28 Jul 2025: "Information sharing with blockchain" is accepted for publication in Research Policy.
Co-Authored with Christian Hilpert, Jan Pape, and Alexander Szimayer
April 9, 2025 - Available at SSRN
Abstract:
We analyze how a credit rating agency determines a corporate rating when its analysts hold heterogeneous beliefs. In a dynamic game with feedback effects, a firm with rating-dependent cost of capital signals its quality by surviving phases of apparent distress. The credit analysts adjust their beliefs in response to firm survival. Contrasting classical min-max results under ambiguity, we show that the rating agency should select a dynamically adjusted weighted average of multiple beliefs, giving higher weights to beliefs with higher variance. The ambiguity impact on ratings hinges on whether the analysts’ beliefs have a common direction: If so, the aggregate rating overweighs the least extreme belief, and jointly pessimistic (optimistic) analysts make the firm delay (accelerate) default. We predict that under high ambiguity, the rating agency dampens analyst teams with pronounced opinions more than under low ambiguity. This behavior impacts credit ratings and subsequently credit spreads of rated firms.

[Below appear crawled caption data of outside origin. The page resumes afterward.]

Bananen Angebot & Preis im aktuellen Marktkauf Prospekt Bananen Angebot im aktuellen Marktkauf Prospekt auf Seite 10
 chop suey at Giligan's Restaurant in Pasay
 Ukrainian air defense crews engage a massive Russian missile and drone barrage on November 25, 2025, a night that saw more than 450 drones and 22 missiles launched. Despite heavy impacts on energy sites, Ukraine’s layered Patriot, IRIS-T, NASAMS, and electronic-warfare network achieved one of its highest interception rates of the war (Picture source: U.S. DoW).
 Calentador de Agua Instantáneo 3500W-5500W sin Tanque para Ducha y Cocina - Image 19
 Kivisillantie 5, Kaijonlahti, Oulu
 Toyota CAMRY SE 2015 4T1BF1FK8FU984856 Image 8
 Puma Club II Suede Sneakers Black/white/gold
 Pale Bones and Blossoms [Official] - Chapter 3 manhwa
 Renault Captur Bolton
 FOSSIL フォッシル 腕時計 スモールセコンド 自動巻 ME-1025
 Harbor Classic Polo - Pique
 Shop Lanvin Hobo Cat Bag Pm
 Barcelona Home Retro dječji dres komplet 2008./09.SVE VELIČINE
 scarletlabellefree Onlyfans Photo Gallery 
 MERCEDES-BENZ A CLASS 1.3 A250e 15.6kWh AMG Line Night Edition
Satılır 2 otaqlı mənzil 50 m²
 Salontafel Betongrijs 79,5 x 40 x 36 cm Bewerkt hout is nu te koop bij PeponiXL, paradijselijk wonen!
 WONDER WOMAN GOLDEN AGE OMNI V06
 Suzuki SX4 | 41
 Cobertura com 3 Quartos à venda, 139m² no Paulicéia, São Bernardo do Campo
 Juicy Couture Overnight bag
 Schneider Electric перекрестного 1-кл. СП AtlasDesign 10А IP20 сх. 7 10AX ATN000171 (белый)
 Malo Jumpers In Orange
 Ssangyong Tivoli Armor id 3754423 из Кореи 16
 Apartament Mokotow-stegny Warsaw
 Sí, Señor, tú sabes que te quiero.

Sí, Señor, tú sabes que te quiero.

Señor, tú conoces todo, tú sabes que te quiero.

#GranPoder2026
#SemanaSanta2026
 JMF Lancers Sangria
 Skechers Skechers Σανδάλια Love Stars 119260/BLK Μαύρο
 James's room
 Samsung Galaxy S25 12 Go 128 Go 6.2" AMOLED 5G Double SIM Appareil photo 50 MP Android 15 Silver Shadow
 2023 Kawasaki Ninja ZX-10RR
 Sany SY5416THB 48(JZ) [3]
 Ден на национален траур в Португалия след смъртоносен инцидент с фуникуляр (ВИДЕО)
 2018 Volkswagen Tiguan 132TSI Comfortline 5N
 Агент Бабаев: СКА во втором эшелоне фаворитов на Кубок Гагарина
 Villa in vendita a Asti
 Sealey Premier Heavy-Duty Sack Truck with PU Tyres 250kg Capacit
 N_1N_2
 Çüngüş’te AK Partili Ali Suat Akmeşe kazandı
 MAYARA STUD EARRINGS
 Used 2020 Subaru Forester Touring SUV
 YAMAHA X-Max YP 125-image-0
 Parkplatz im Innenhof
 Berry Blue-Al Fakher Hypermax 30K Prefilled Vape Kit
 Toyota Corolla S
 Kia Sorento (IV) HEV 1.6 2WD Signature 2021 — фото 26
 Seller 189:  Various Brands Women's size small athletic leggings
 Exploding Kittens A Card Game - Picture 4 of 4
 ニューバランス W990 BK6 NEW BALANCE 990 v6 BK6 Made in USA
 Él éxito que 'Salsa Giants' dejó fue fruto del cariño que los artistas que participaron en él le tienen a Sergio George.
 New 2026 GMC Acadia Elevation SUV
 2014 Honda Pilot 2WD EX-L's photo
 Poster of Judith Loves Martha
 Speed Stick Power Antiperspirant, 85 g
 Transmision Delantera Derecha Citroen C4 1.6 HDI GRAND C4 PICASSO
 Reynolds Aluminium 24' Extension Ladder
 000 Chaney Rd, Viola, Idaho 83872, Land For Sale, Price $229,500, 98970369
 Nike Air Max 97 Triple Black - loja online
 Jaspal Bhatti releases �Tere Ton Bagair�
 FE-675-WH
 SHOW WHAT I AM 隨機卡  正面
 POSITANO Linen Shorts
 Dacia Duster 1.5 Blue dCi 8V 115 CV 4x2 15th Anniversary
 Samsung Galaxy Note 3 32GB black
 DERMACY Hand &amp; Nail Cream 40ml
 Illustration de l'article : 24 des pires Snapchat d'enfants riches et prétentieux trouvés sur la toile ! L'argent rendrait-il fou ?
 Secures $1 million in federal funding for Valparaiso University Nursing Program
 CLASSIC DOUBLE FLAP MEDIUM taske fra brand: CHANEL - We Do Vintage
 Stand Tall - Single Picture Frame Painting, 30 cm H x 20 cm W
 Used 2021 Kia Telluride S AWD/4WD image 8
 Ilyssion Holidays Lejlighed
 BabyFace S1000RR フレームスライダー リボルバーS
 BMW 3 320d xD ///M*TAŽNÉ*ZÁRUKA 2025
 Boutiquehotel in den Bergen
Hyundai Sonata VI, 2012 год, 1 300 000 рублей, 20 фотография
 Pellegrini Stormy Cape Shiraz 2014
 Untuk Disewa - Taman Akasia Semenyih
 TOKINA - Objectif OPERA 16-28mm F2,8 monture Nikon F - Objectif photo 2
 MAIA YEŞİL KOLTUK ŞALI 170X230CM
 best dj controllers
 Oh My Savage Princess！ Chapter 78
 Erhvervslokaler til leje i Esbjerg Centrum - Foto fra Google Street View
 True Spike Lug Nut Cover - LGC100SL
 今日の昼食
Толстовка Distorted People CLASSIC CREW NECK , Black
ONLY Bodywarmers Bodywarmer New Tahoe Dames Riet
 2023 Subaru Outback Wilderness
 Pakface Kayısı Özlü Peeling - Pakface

Co-Authored with Negar Ghanbari and Anil Kumar
March 7, 2025 - Available at SSRN
Abstract:
We examine how exogenous shocks to firms' financial flexibility impact corporate debt maturity structure. We utilize changes in collateral value in the form of real estate price fluctuations as exogenous shocks to firms' debt capacity and, thus, to their financial flexibility. Our theoretical model predicts that higher collateral value leads to greater maturity concentration. This prediction finds robust support in the data, for different measures of real estate value and maturity concentration. The effect is strongest for corporate bonds over bank loans, unsecured over secured debt, and financially constrained firms across several measures. We also explore the effect for newly issued debt.
Co-Authored with Sai Palepu
January 15, 2025 - Available at SSRN
Abstract:
We study the role of Environmental, Social, and Governance (ESG) alignment in shaping customer-supplier relationships within U.S. supply chains. Using data from the FactSet Revere supply chain database and Refinitiv ESG scores (2003–2019), we find that major customers significantly influence supplier ESG performance, with a 6.9% increase linked to one unit increase in the major customer ESG scores. Positive ESG divergence, where a supplier outperforms its major customer, increases the likelihood of relationship termination by 18.1%, underscoring the importance of ESG alignment. Replacement suppliers generally exhibit higher ESG ratings than their predecessors, suggesting a preference for sustainability when reconfiguring supply chains.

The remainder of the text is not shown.